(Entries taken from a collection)
────────────────
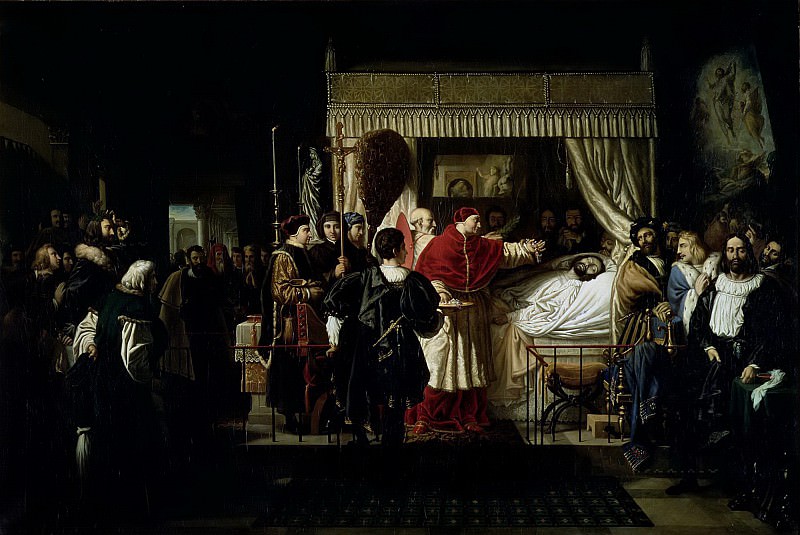 Бержере, Пьер-Ноласк -- Отдание почестей Рафаэлю после его смерти, Part 6 Louvre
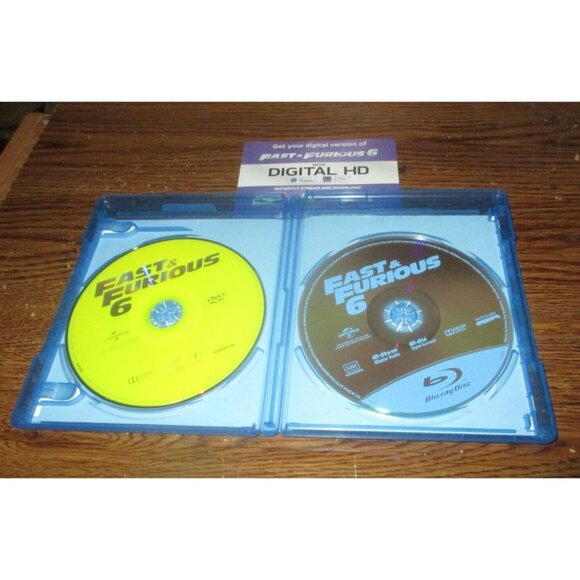 Fast and Furious 6 (Blu-ray Disc, 2013,-2-Disc Set, Canadian) Paul Walker - Picture 2 of 3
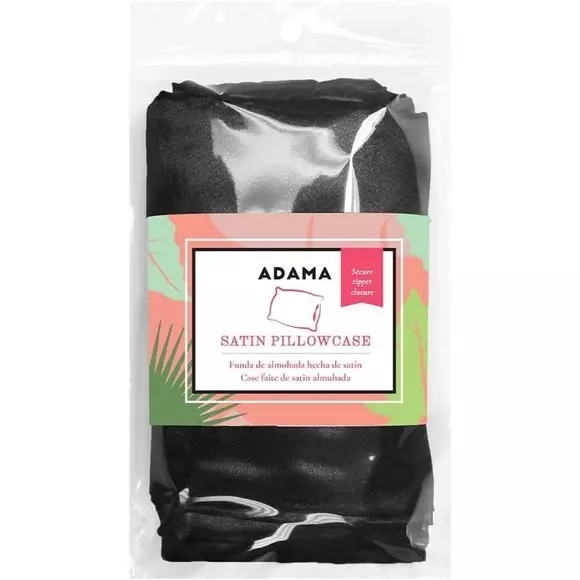Wholesale Lot Of 1,728 Adama Satin Pillowcases – Color Black – MSRP $7.95 Each – Your Price Is Only .85 Each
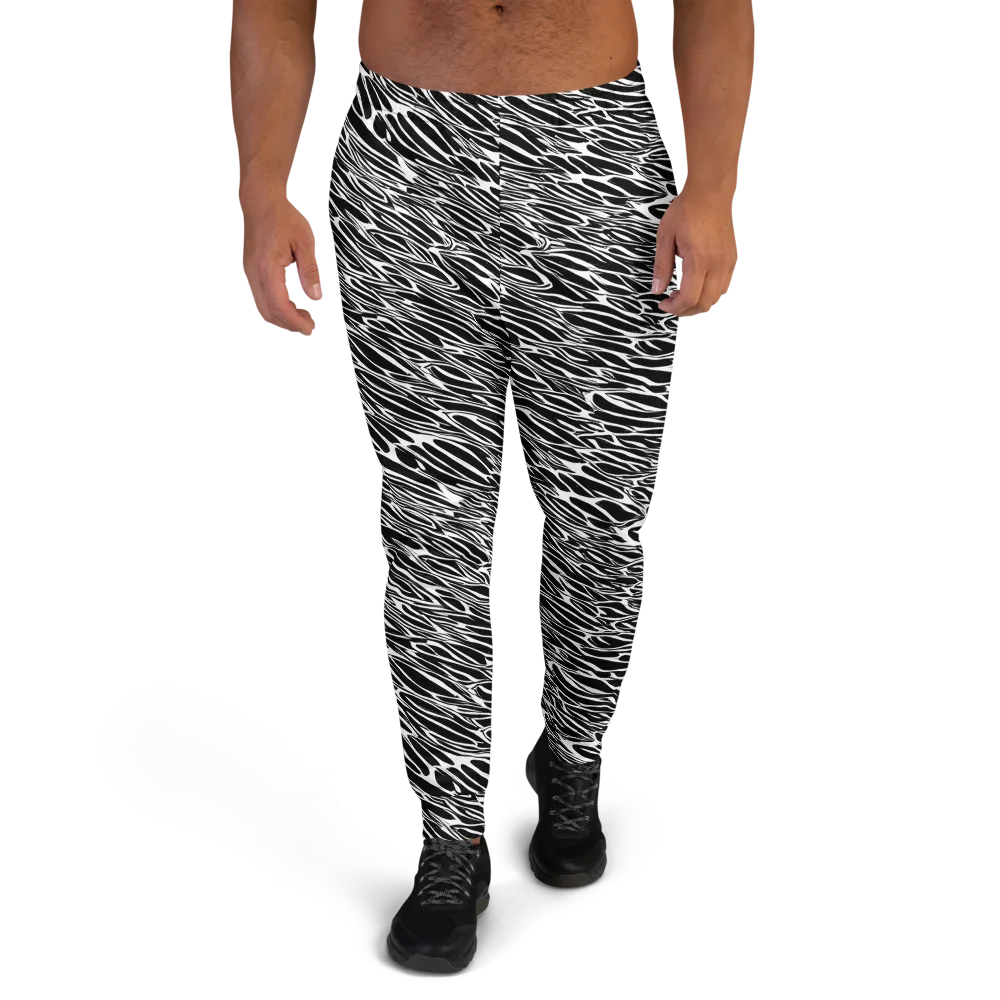 Zebra Voltage on Men's Joggers — Front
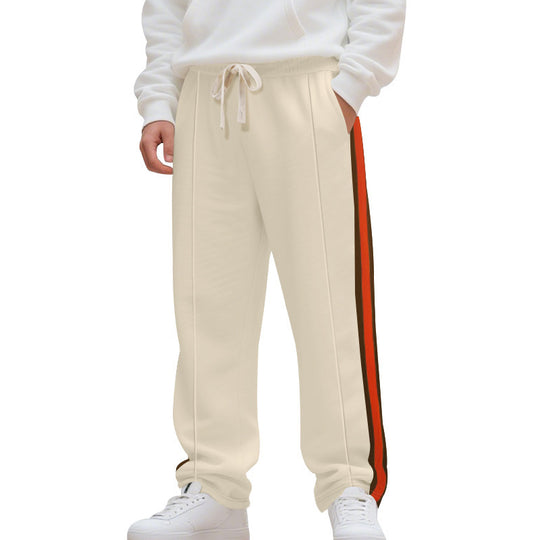 Herren Freizeitliche Sporthose im urbanen Stil mit kontrastierenden Streifen R&B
────────────────
**WHAT YOU ARE ASKED TO DO**: Each entry shown above must be quoted exactly, with its pictures left out.

**RESPONSE TO THIS TASK**:
 Бержере, Пьер-Ноласк -- Отдание почестей Рафаэлю после его смерти, Part 6 Louvre
 Fast and Furious 6 (Blu-ray Disc, 2013,-2-Disc Set, Canadian) Paul Walker - Picture 2 of 3
Wholesale Lot Of 1,728 Adama Satin Pillowcases – Color Black – MSRP $7.95 Each – Your Price Is Only .85 Each
 Zebra Voltage on Men's Joggers — Front
 Herren Freizeitliche Sporthose im urbanen Stil mit kontrastierenden Streifen R&B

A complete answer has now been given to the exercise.